Which color sample is more highly saturated? A skilled painter knows that cadmium yellow light is a more saturated yellow when compared to yellow ochre. 

Hopefully you’re starting to understand what saturation is through this simple visual example, but let’s continue…

yellows: ochre vs. cadmium

Notice that we are referring to the difference in saturation between the two colors, not how light or dark these colors are.

It’s true that the yellow ochre is slightly darker in value when compared to the cadmium yellow light. However, we could add white to the yellow ochre to make it the same exact value as the cadmium yellow light. Then, their only difference would be that of saturation.

Art Teacher Tip: Having your art students create a saturation matrix (see image below) with paint or colored pencils is a great exercise for learning about saturation. You can download a free saturation matrix on the resources page.

Learning Color Saturation: Saturation Matrix

A saturation matrix is also what you get when you pull up the color picker in Adobe’s Photoshop or Illustrator graphical editing software.

While the saturation matrix above contained 5 rows and 5 columns PhotoShop’s color picker contains 256 rows and 256 columns. Wow, that’s a lot of color! That’s also the reason it looks like a smooth gradation.

Photoshop's color picker

Mixing Paints & Saturation

There are many ways to decrease the saturation of your paint but there is no way to increase the saturation. Saturation is a destructive process as far as drawing and painting is concerned. Once you mix two colors together you have automatically decreased the saturation of the original colors. This is precisely why the color wheel artists use is often referred to by folks in the scientific community as the subtractive color wheel.

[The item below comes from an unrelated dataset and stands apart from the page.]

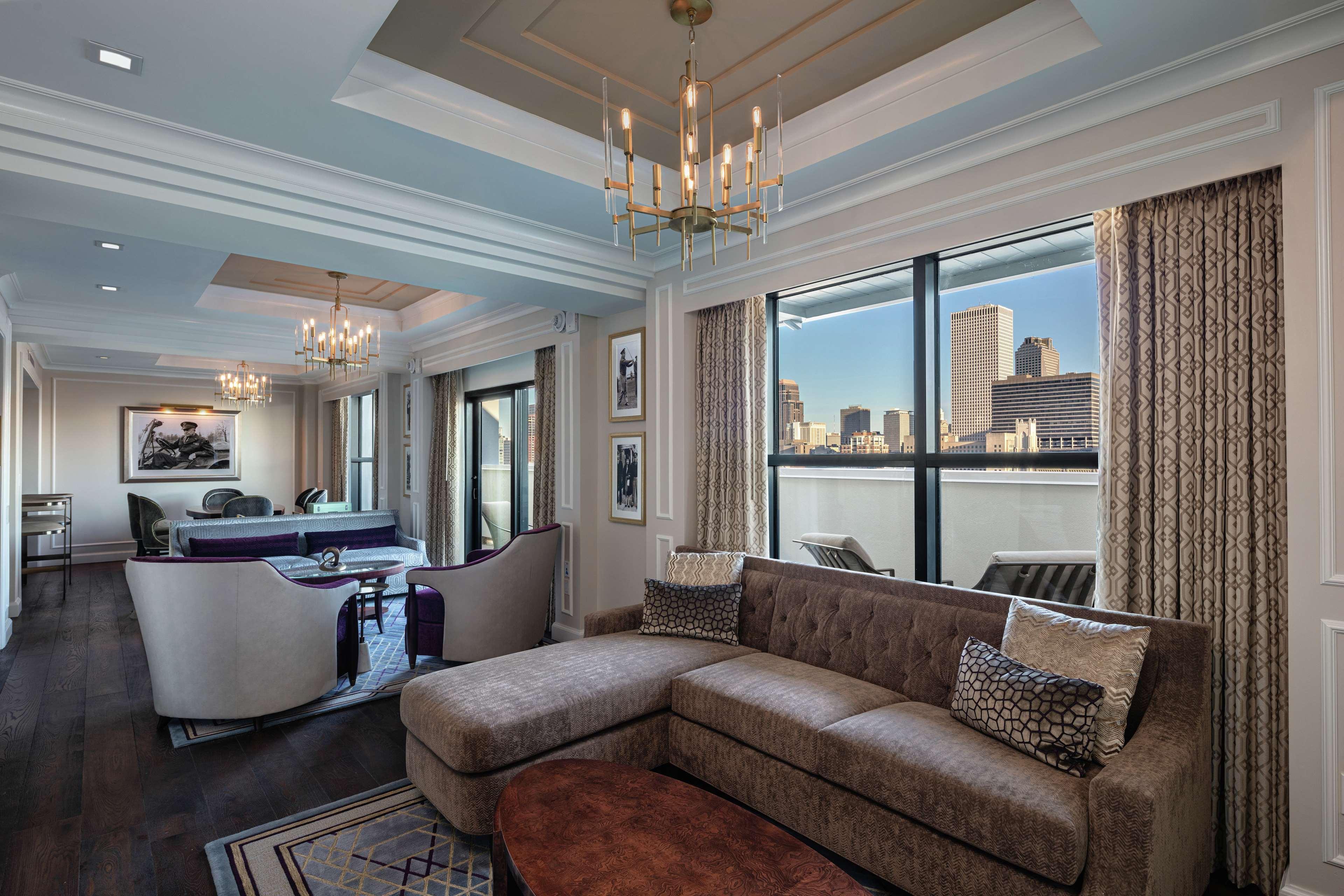 The Higgins Hotel New Orleans, Curio Collection By Hilton Exterior foto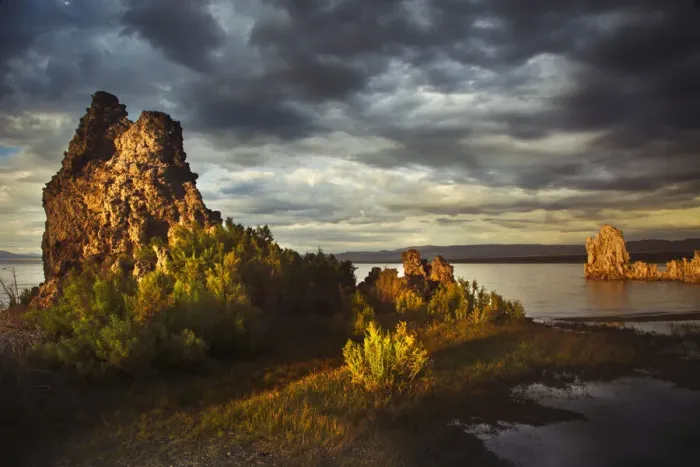 Framed Print : Sunrise on tufa formations, Mono Lake, Tufa State Natural Reserve, California Framed Print : Sunrise on tufa formations, Mono Lake, Tufa State Natural Reserve, California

color wheel | helloartsy.com

So how do I make saturated colors?

You can’t. Not with paint or drawing media at least. You have to start out with saturated colors and each time you mix them together the new combinations get less and less saturated. That’s why most tubes of paint are extremely saturated when you buy them.

That’s also the reason why you can mix “mud” when mixing too many colors together. “Mud” as some artists call it is simply an undesirable color that has largely been desaturated.

Controlled Desaturation

Very few items require full strength color or “out of the tube” color as I like to call it. Instead, you’ll find yourself in need of dulling down your paints, pastels, or colored pencils.

There are a couple of ways to do this. I’ll use paint as an example but the following advice applies to drawing media as well. Take ultramarine blue for example. Ultramarine blue as an extremely saturated blue that leans slightly towards blue-purple when located on the color wheel.

Here’s two different ways to decrease the saturation of ultramarine blue.

  1. You could mix a gray into the ultramarine blue paint and as long as the gray and blue were equal in value and the gray was truly neutral you would not be changing the hue or value, but only the saturation.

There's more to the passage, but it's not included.